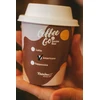 Zooksyrainbow Socks Linksmos kojinės American coffee puodelyje, 1 pora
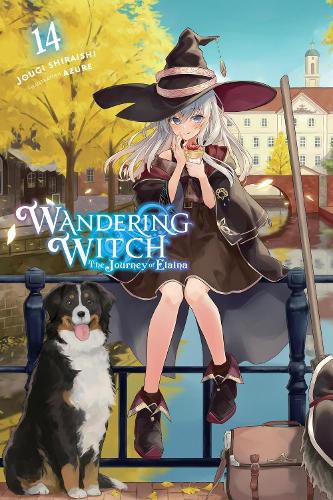 Cover image for Wandering Witch: The Journey of Elaina, Vol. 14 (light novel)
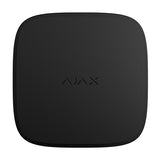 AJAX 95193.168.BL3 FireProtect 2 (Heat) Jeweller Wireless Fire Detector with a Heat Sensor, Replaceable Batteries, Black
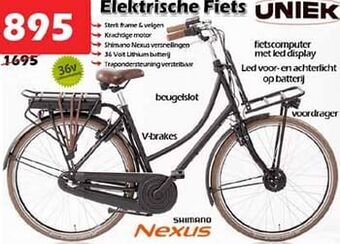 iTEK Elektrische fiets aanbieding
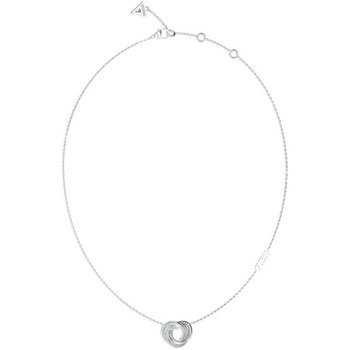 GUESS Perfect Stainless Steel Necklace with Zircons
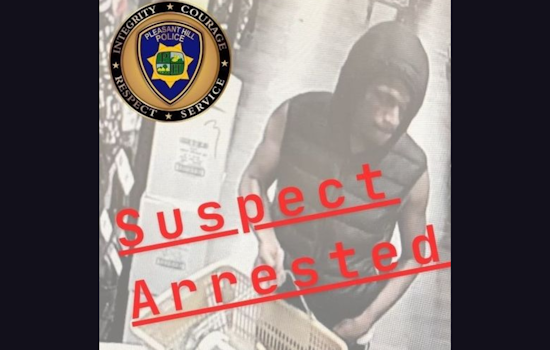 Oakland Man Charged with Felony Robbery and Threats in Pleasant Hill Retail Heists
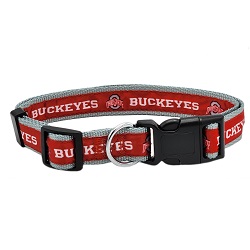 Ohio State Buckeyes Satin Collar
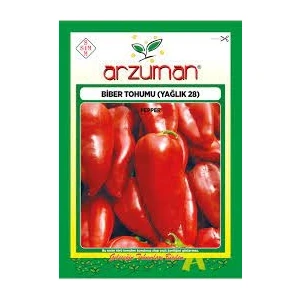 Turuncumega Arzuman Tohum Biber (Yağlık 28)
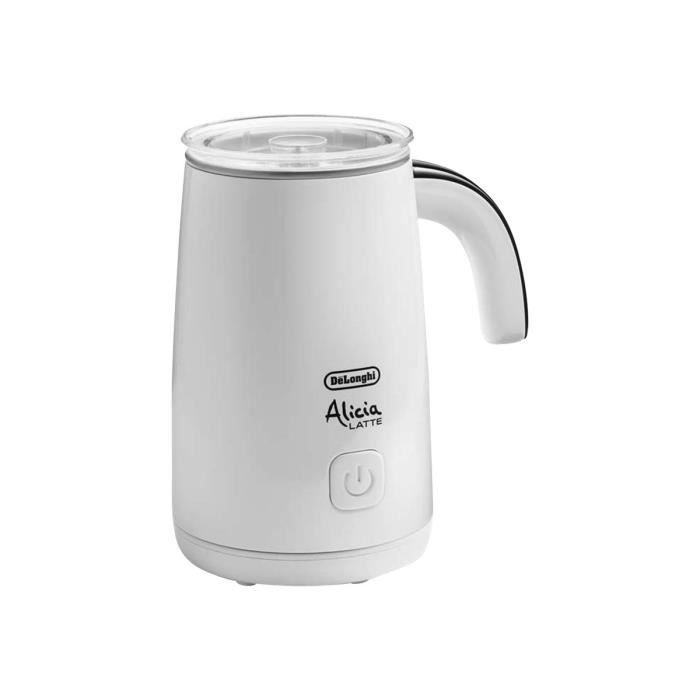 Mousseur à lait - De'Longhi Alicia EMF2 - 250 ml - 500 Watt - Blanc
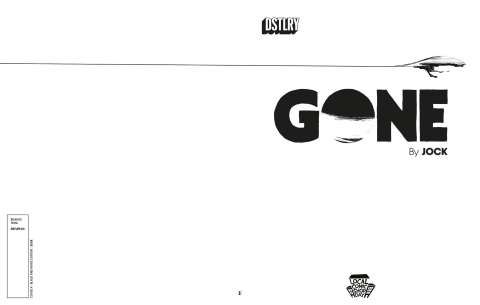 Gone #1 (Black and White Edition - Local Comic Shop Day 2024 Edition)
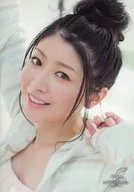 Misato Chiwara / Normal / Bust Up / Costume Light Blue White / Right Hand Lift / Left Hand Shoulder / "m. s. s Premium Acoustic Live featuring Crustacea" Venue Sales Toreca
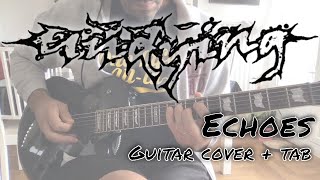 Undying - Echoes (Guitar cover + Guitar tab)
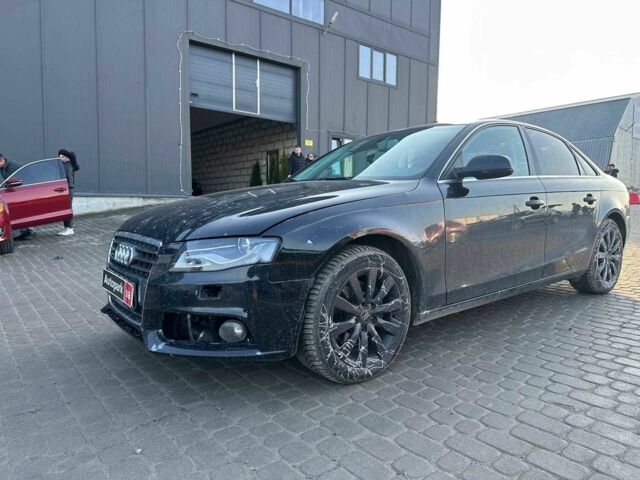 Черный Ауди А4, объемом двигателя 2 л и пробегом 149 тыс. км за 7790 $, фото 1 на Automoto.ua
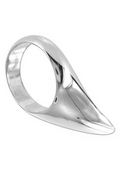 Hypoallergenic Steel Cock Ring | Enhance Erection & Delay Ejaculation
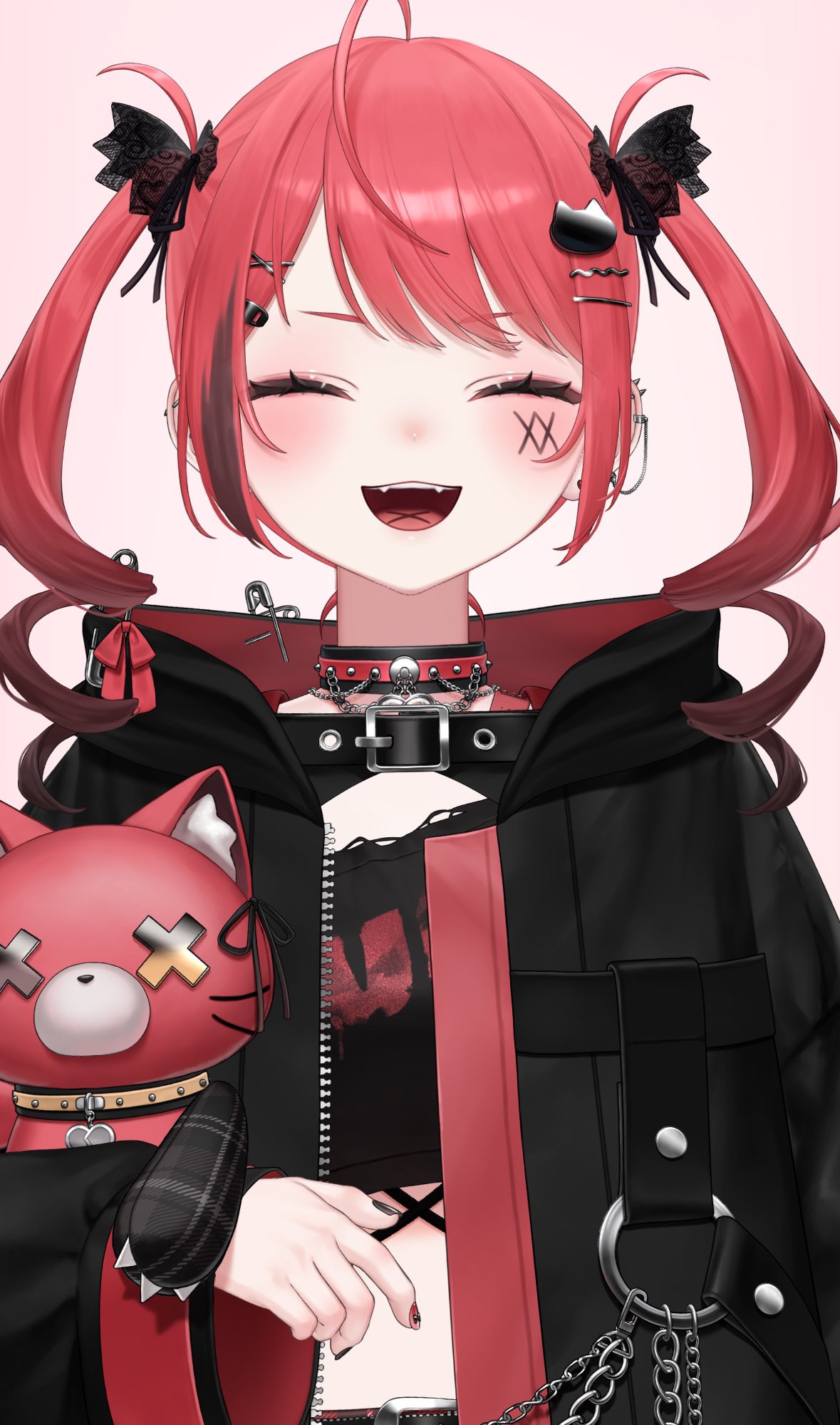 あまの様　③ 紫　黒赤　おてて横 赤彩みあ❤️‍🔥✖️ on X: 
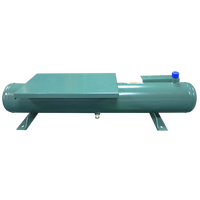 9L-500L Horizontale type de coquille et de tube de réfrigération liquide récepteur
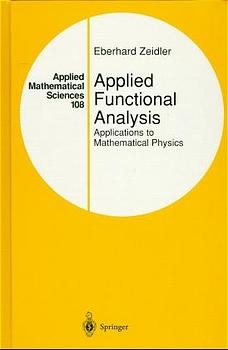 Applied Functional Analysis -  Eberhard Zeidler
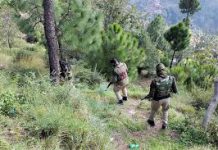 Three Pakistani Terrorists Sought Food in Village Before Majalta Gunfight; Hunt Continues Three Pakistani Terrorists Sought Food in Village Before Majalta Gunfight; Hunt Continues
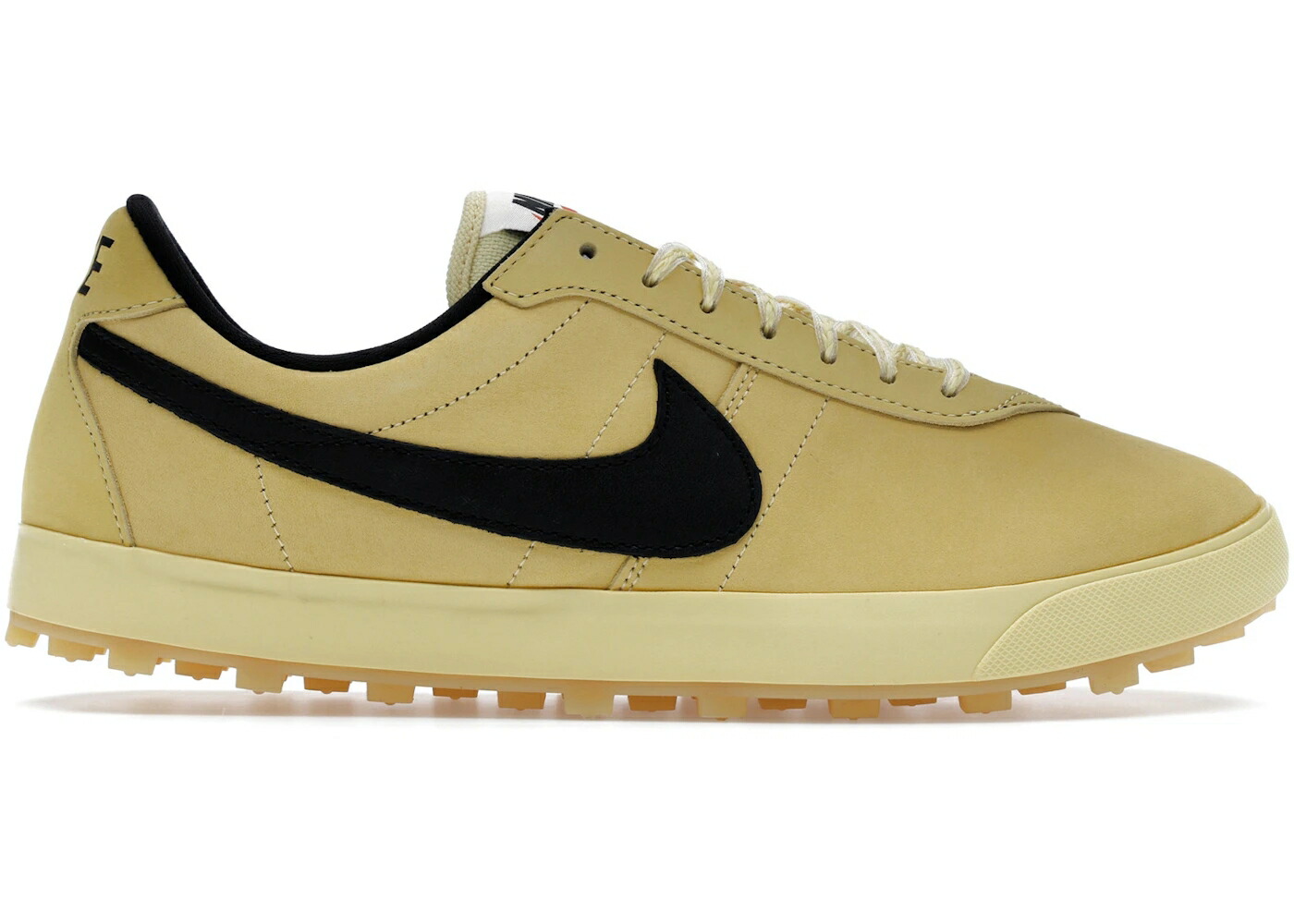 ナイキ グラバー 黄色 イエロー 黒色 ブラック スニーカー メンズ NIKE ASTRO GRABBER QS SOFT YELLOW BLACK / SOFT YELLOW SAIL BLACK SAFETY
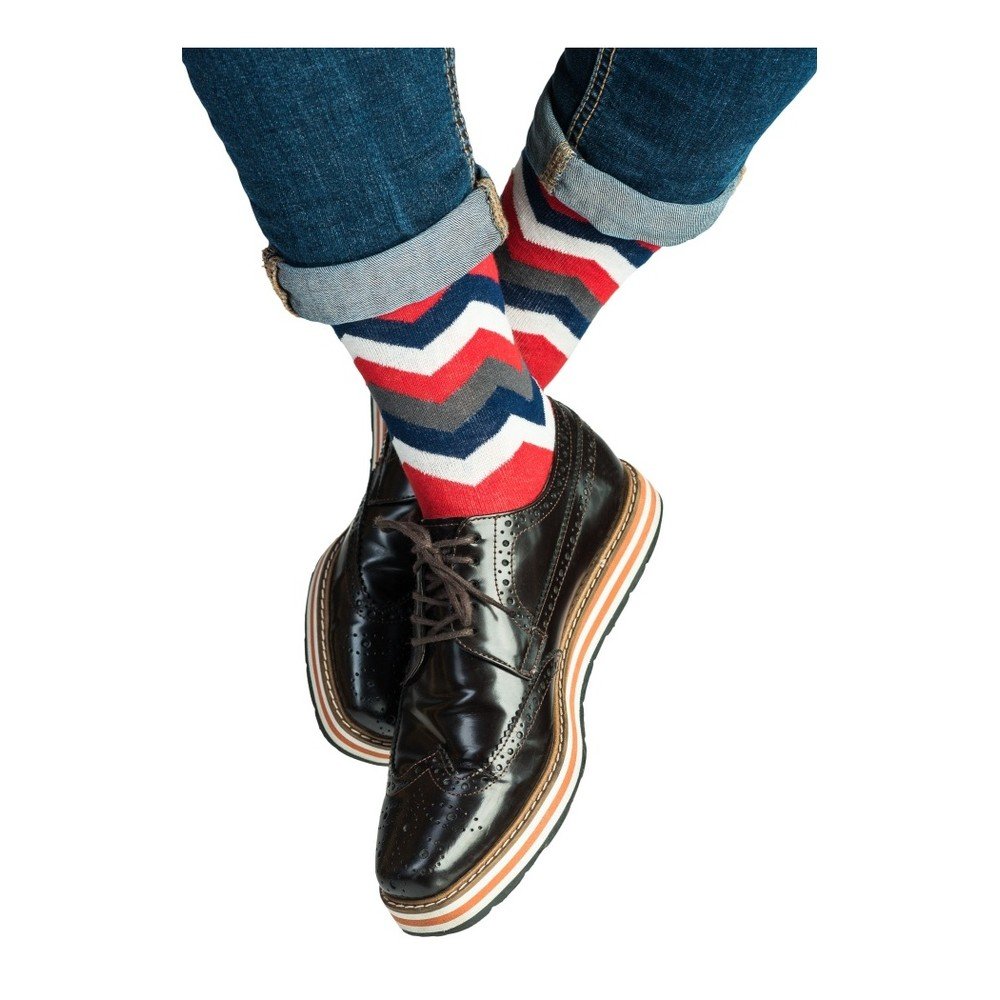 Unisex ponožky Funky Steps Dixi, velikost 39/45 v:693870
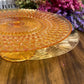 Danny Home Large Glass Cake Stand 1Pcs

┄┄┄┄┄┄

EXERCISE GOAL → What is needed is a verbatim copy of the entries, leaving out any pictures.

FINISHED TASK →
 Zooksyrainbow Socks Linksmos kojinės American coffee puodelyje, 1 pora
 Cover image for Wandering Witch: The Journey of Elaina, Vol. 14 (light novel)
 AJAX 95193.168.BL3 FireProtect 2 (Heat) Jeweller Wireless Fire Detector with a Heat Sensor, Replaceable Batteries, Black
 iTEK Elektrische fiets aanbieding
 GUESS Perfect Stainless Steel Necklace with Zircons
 Oakland Man Charged with Felony Robbery and Threats in Pleasant Hill Retail Heists
 Ohio State Buckeyes Satin Collar
 Turuncumega Arzuman Tohum Biber (Yağlık 28)
 Mousseur à lait - De'Longhi Alicia EMF2 - 250 ml - 500 Watt - Blanc
 Gone #1 (Black and White Edition - Local Comic Shop Day 2024 Edition)
 Misato Chiwara / Normal / Bust Up / Costume Light Blue White / Right Hand Lift / Left Hand Shoulder / "m. s. s Premium Acoustic Live featuring Crustacea" Venue Sales Toreca
 Undying - Echoes (Guitar cover + Guitar tab)
 Черный Ауди А4, объемом двигателя 2 л и пробегом 149 тыс. км за 7790 $, фото 1 на Automoto.ua
 Hypoallergenic Steel Cock Ring | Enhance Erection & Delay Ejaculation
 あまの様　③ 紫　黒赤　おてて横 赤彩みあ❤️‍🔥✖️ on X: 
 9L-500L Horizontale type de coquille et de tube de réfrigération liquide récepteur
 Applied Functional Analysis -  Eberhard Zeidler
 Three Pakistani Terrorists Sought Food in Village Before Majalta Gunfight; Hunt Continues Three Pakistani Terrorists Sought Food in Village Before Majalta Gunfight; Hunt Continues
 ナイキ グラバー 黄色 イエロー 黒色 ブラック スニーカー メンズ NIKE ASTRO GRABBER QS SOFT YELLOW BLACK / SOFT YELLOW SAIL BLACK SAFETY
 Unisex ponožky Funky Steps Dixi, velikost 39/45 v:693870
 Danny Home Large Glass Cake Stand 1Pcs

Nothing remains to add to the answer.